§ INFORMATION PROVIDED:
------------------------------------------------------------

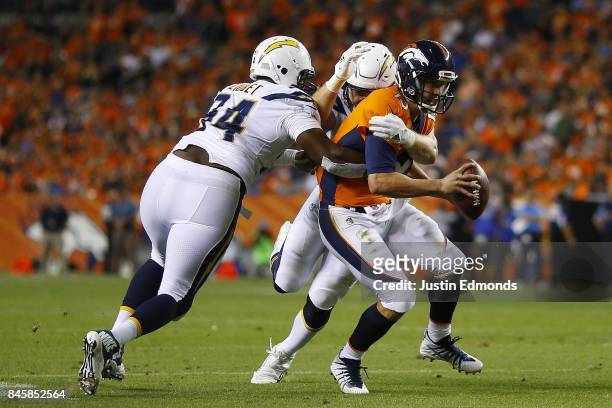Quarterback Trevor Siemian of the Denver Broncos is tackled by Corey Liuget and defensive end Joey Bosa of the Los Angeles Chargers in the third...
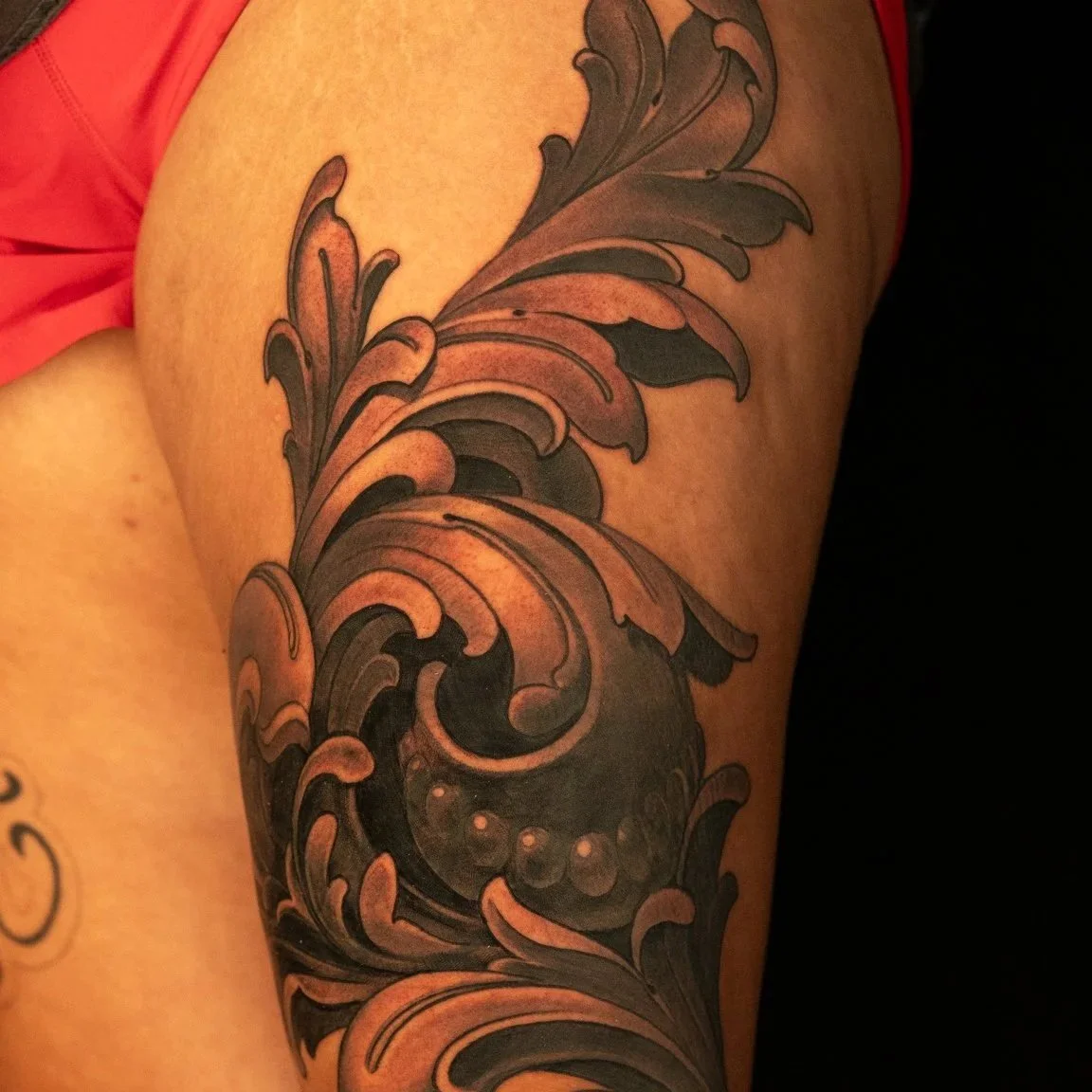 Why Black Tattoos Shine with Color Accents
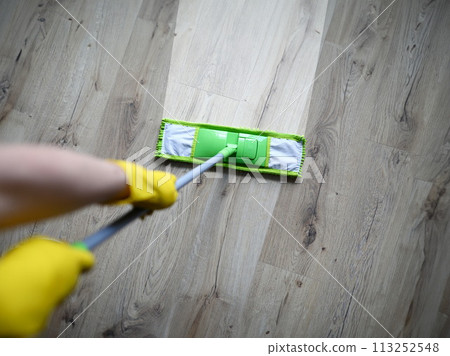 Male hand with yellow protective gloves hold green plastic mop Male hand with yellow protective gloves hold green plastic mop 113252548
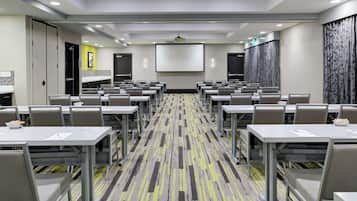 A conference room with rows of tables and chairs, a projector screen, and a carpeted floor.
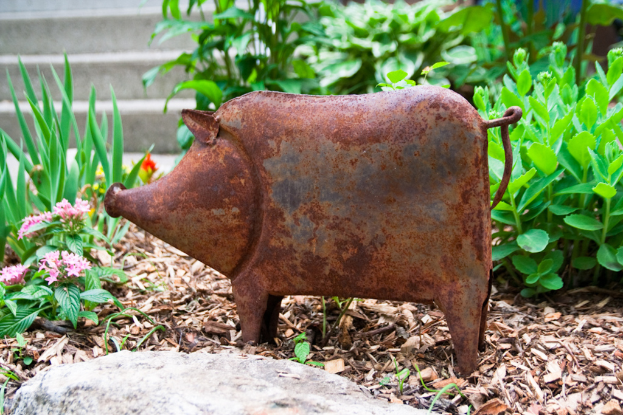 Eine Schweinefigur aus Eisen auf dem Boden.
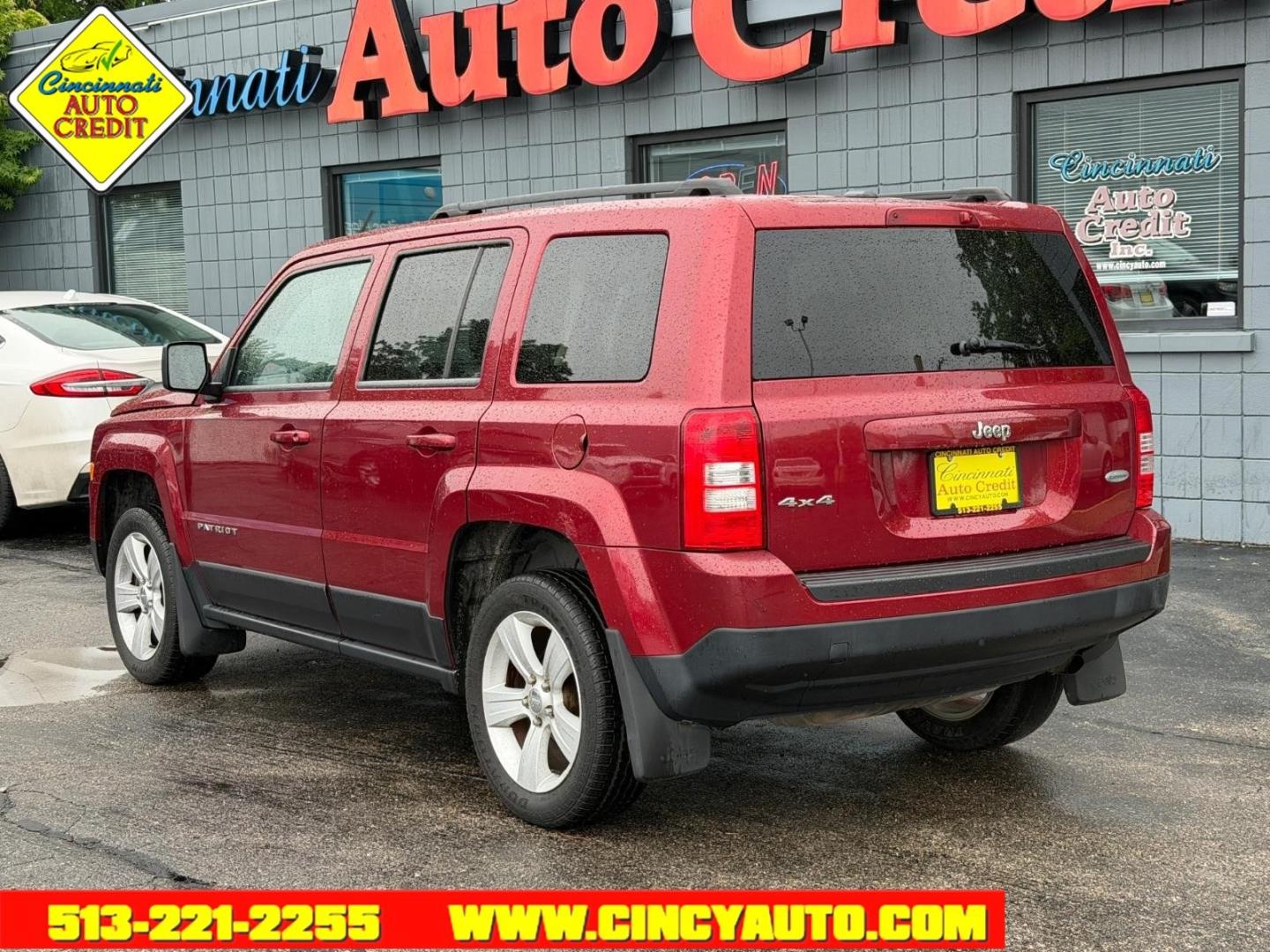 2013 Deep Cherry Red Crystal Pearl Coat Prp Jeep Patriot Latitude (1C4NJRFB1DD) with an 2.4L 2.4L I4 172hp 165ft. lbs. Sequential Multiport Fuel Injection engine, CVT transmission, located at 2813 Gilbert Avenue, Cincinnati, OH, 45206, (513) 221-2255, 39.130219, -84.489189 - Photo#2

------------------------------------------------------------

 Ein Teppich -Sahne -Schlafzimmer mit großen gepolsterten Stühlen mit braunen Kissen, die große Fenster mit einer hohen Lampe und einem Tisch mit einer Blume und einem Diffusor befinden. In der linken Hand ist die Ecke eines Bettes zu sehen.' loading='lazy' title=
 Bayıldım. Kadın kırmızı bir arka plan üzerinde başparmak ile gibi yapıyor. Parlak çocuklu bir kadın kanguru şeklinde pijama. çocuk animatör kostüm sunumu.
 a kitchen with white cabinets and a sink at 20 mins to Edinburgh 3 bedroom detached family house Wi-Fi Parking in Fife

------------------------------------------------------------

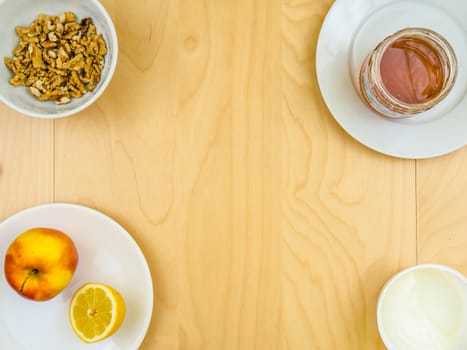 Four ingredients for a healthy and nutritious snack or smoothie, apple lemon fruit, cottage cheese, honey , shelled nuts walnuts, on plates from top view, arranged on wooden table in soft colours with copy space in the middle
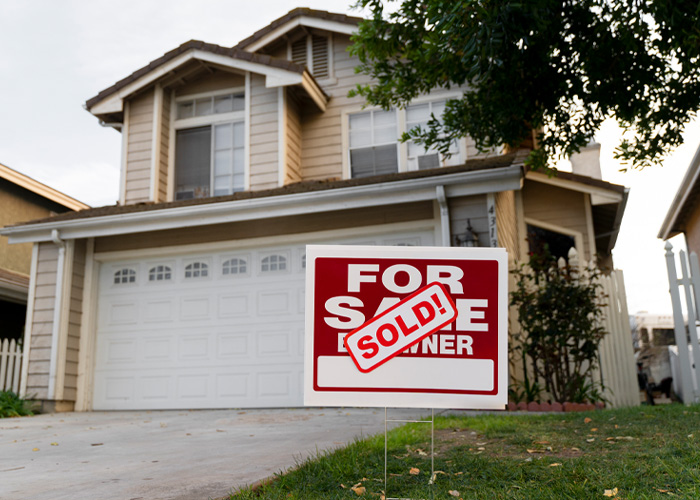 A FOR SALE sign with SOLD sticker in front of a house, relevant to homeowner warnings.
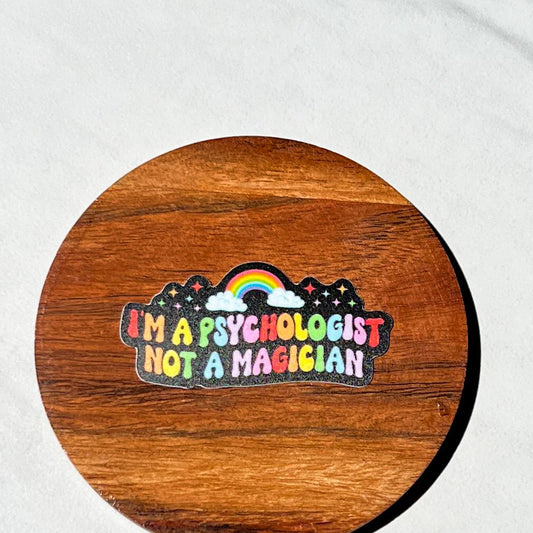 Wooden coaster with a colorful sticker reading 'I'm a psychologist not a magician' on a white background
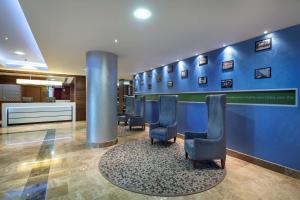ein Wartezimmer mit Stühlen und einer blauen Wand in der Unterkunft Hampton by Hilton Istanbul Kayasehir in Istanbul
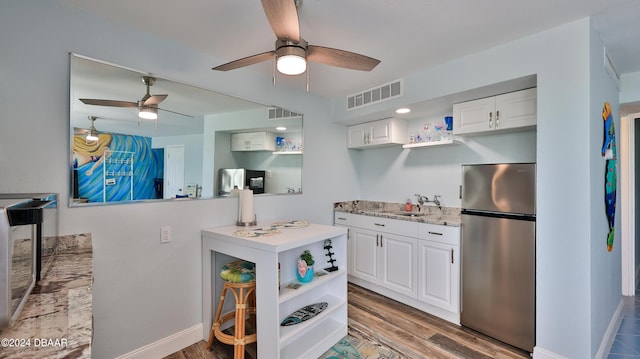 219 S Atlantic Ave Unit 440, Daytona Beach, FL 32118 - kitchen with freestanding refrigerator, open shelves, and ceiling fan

------------------------------------------------------------

With the pictures omitted, copy the entries above exactly from the line containing "A conference room" through the line containing "Eine Schweinefigur aus Eisen auf dem Boden.", both lines included.

§ REPLY TO THE TASK:
 A conference room with rows of tables and chairs, a projector screen, and a carpeted floor.
 Eine Schweinefigur aus Eisen auf dem Boden.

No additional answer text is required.